• What this task involves
Return the lines of the data below, from the one containing "Now, before we" through the very last, exactly and with both ends included; no pictures.

• Material provided
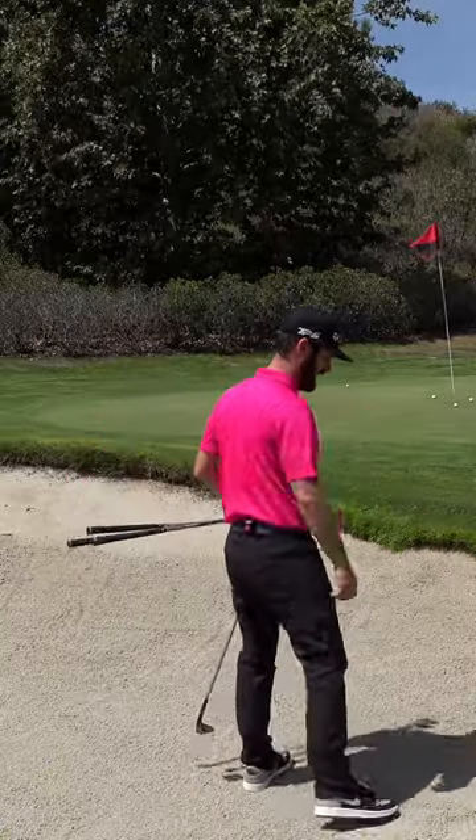Don't be scared of these, especially if you've got your high toe in the game. First off, you've got to get a feel for the sand. How does it feel when you walk in?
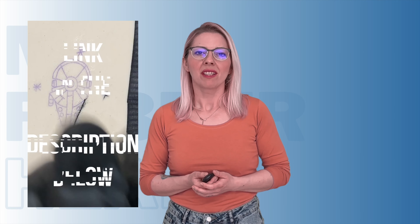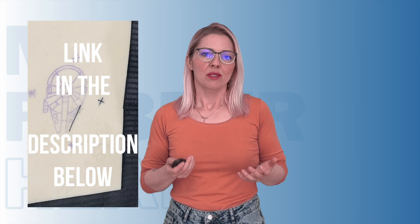Now, before we wrap things up, let's address the elephant in the room — the transition from synthetic skin to human skin. Because, let's be honest, no matter how realistic these practice canvases are, they can never truly replicate the nuances of individual human skin types and the complexities of the healing process. But that's part of what makes tattooing such an art form — it's about mastering techniques on synthetic skin and then translating that skill to the living, breathing canvas of the human body. It's a journey, a constant learning process, and that's what makes it so exciting.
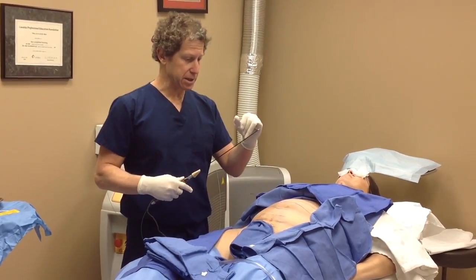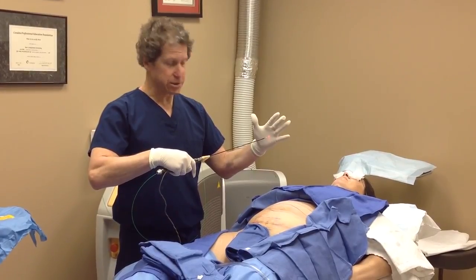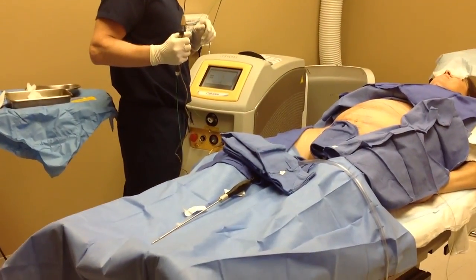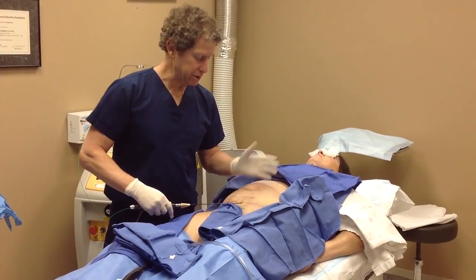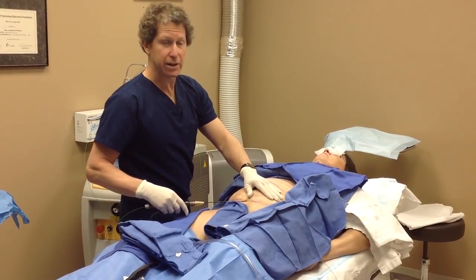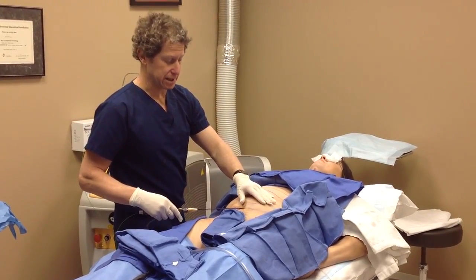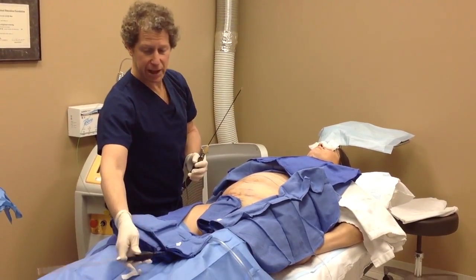This is the laser fiber optic — you can see the little green part extruding and the little red guide light. It's connected to a very wonderful machine by Cynosure, used for SmartLipo and also Cellulaze. She's completely numb, so this will not hurt. I just slip it in — effortless. I move it back and forth, stepping on the pedal to fire the laser, which is melting fat and also heating up the skin so you get some degree of skin tightening. Then I'll take it out and introduce the liposuction cannula to suck up the melted fat.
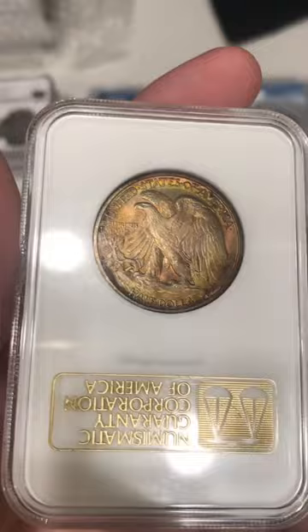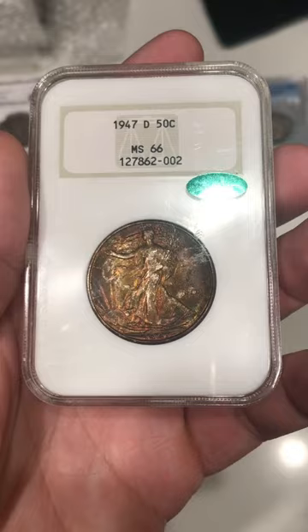This coin just came back from CAC and it's stickered. I just think overall it has a strong strike, very minimal issues, and John really liked it.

• Solution to the problem
Now, before we wrap things up, let's address the elephant in the room — the transition from synthetic skin to human skin. Because, let's be honest, no matter how realistic these practice canvases are, they can never truly replicate the nuances of individual human skin types and the complexities of the healing process. But that's part of what makes tattooing such an art form — it's about mastering techniques on synthetic skin and then translating that skill to the living, breathing canvas of the human body. It's a journey, a constant learning process, and that's what makes it so exciting.
This is the laser fiber optic — you can see the little green part extruding and the little red guide light. It's connected to a very wonderful machine by Cynosure, used for SmartLipo and also Cellulaze. She's completely numb, so this will not hurt. I just slip it in — effortless. I move it back and forth, stepping on the pedal to fire the laser, which is melting fat and also heating up the skin so you get some degree of skin tightening. Then I'll take it out and introduce the liposuction cannula to suck up the melted fat.
This coin just came back from CAC and it's stickered. I just think overall it has a strong strike, very minimal issues, and John really liked it.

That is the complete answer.